▶ **Task prompt**
In the listing below, locate the line that contains "Écouteurs Apple AirPods" and the line that contains "Sabrina | Singer and Fuckgirl". Restate word for word those two lines and every line between them, and nothing else.

▶ **Source material**
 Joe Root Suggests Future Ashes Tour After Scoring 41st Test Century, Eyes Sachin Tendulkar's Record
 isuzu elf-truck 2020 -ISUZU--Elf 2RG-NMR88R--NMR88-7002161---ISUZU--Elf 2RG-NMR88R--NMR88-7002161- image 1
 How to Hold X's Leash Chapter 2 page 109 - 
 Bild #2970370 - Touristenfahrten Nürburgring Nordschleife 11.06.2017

* * *

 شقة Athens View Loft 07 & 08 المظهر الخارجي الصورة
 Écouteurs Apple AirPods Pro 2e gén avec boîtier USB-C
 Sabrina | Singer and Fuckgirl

▶ **Exercise response**
 Écouteurs Apple AirPods Pro 2e gén avec boîtier USB-C
 Sabrina | Singer and Fuckgirl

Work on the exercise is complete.